De  este modo, en relación con los reparos del libelista relativos  a que el juez de primera instancia señaló no estar  facultado para pronunciarse sobre este aspecto, esta consideración  no impide que dicha competencia exista y que el superior en sede de  apelación, en este caso la Sala de Extinción de Dominio  del Tribunal, pueda abordar la problemática, como  acertadamente lo recalca el a  quo.  

Lo  anterior en cuanto el artículo 113 del Código de  Extinción de Dominio da al afectado la posibilidad de apelar  la decisión adoptada en primera instancia dentro del control  de legalidad, recurso que en concordancia con el canon 82 de la misma  normativa faculta al juez a extenderse sobre «los  asuntos que resulten inescindiblemente vinculados al objeto de  impugnación».  

Así  las cosas, como se desprende del expediente, la parte actora incoó  solicitud de control de legalidad frente a las medidas adoptadas en  su contra, la cual fue resuelta contraria a sus intereses mediante  providencia de fecha 17 de septiembre de 2019 y frente a la que  interpuso recurso de apelación. Este último fue  concedido mediante auto del 17 de octubre siguiente y se encuentra  desde el 12 de noviembre del mismo año en espera de ser  decidido.  

De  este modo, no pueden ser acogidos los argumentos del memorialista  relativos a que se han desplegado todos los mecanismos judiciales  ordinarios que el sistema jurídico le otorga para la defensa  de sus derechos, pues resulta evidente que aún está  pendiente el pronunciamiento del Tribunal en sede de apelación,  en el cual, como se expuso por el a  quo  y como se precisó en el examen realizado en los párrafos  anteriores, podrá pronunciarse sobre el asunto que le inquieta  a la parte actora.  

Por  último, teniendo en cuenta que tanto la entidad accionada1  como el Juzgado Primero Penal del Circuito Especializado de Extinción  de Dominio de Bogotá2,  quien tuvo a su cargo en primera instancia el control de legalidad de  las medidas cautelares, han fundamentado exhaustivamente la legalidad  de las mismas, no puede considerarse que estas constituyan un  perjuicio irremediable, pues se ajustan en cuanto a su finalidad e  implementación a la ley y a la Constitución.  

En conclusión,  no es posible acceder al pedimento de amparo, toda vez que ello sería  desconocer el contenido de las distintas jurisdicciones y el carácter  residual del instrumento constitucional, ya que no es posible  invocarlo como una alternativa frente a los procedimientos legales  diseñados por el legislador y tornar viable la interferencia  del juez de tutela en procesos que aún se hallan en trámite.  

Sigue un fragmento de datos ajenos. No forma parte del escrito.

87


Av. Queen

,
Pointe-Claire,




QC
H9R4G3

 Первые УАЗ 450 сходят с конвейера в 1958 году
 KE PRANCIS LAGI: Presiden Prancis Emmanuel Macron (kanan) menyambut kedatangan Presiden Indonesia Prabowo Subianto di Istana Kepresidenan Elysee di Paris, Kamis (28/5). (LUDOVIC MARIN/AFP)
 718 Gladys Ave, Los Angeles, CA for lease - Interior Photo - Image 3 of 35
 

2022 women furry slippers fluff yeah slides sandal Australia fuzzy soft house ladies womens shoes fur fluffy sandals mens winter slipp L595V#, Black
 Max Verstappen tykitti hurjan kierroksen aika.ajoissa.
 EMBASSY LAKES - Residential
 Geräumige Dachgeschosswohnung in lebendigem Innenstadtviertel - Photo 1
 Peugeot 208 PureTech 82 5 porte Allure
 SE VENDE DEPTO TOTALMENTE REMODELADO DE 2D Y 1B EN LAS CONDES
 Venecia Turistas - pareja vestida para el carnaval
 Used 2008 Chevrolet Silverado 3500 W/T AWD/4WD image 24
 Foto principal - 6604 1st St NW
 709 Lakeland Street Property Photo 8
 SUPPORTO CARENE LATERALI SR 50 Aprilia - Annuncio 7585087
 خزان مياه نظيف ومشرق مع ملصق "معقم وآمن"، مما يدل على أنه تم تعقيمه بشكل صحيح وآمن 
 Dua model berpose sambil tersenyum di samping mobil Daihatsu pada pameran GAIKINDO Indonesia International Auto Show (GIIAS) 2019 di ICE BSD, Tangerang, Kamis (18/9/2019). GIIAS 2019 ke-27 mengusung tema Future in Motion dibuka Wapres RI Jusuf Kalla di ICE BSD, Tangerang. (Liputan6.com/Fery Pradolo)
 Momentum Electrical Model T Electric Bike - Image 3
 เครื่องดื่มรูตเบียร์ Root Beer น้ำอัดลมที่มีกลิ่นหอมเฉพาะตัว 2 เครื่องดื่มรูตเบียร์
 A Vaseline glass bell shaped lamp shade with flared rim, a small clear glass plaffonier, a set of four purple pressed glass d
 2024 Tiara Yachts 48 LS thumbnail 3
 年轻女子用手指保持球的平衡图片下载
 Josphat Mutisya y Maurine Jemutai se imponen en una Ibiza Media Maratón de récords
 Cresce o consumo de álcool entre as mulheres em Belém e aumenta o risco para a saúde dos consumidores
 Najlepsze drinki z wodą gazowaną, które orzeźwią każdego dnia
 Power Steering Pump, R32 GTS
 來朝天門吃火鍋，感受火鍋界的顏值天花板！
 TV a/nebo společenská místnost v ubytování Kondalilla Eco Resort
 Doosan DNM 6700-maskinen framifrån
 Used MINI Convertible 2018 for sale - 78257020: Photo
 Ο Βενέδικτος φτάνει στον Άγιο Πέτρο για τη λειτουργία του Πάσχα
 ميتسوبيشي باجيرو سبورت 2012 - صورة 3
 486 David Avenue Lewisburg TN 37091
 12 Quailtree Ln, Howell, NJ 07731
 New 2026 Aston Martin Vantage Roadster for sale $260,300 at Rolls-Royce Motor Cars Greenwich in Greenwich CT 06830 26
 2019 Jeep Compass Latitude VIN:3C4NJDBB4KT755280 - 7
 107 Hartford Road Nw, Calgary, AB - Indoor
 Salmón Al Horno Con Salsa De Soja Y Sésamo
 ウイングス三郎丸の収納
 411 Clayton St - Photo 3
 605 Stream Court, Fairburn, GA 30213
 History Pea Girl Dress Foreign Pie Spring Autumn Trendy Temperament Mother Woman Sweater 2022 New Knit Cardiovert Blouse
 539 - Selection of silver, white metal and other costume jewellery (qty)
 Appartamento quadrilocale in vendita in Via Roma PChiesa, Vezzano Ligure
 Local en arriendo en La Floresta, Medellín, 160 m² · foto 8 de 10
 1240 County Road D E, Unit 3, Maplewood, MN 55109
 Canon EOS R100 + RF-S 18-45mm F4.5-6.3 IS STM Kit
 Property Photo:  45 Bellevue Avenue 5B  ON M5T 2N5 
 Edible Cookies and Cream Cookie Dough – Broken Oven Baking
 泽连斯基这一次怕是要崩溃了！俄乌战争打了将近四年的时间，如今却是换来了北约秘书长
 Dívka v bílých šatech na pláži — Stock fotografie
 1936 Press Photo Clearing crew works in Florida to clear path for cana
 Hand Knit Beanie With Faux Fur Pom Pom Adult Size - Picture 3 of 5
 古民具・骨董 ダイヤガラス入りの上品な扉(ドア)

Así,  suficientes  resultan los anteriores planteamientos para concluir que el amparo  reclamado no tiene mérito, por lo que la tutela aviene  improcedente, tal como lo resolvió el a  quo  constitucional, lo cual determina imperiosa su confirmación,  pues, no  existen razones que ameriten derruirlo.  

* * * * * *  

En  mérito de lo expuesto, la Corte Suprema de Justicia, Sala de  Casación Penal, Sala de Decisión en Tutela,  administrando justicia en nombre de la República y por  autoridad de la ley,  

RESUELVE  

Primero-.  Confirmar  el fallo impugnado.  

Segundo-.  Remítase  el asunto a la Corte Constitucional para su eventual revisión.  

Tercero-.  Notifíquese de acuerdo con lo previsto por el artículo  30 del Decreto 2591 de 1991.  

NOTIFÍQUESE  Y CÚMPLASE  

GERSON CHAVERRA  CASTRO  

Magistrado  

JAIME HUMBERTO  MORENO ACERO  

Magistrado  

EYDER PATIÑO  CABRERA  

Magistrado  

Nubia Yolanda Nova  García  

Secretaria  

1          Folios          22 a 57  

2          Folios          142 a 145.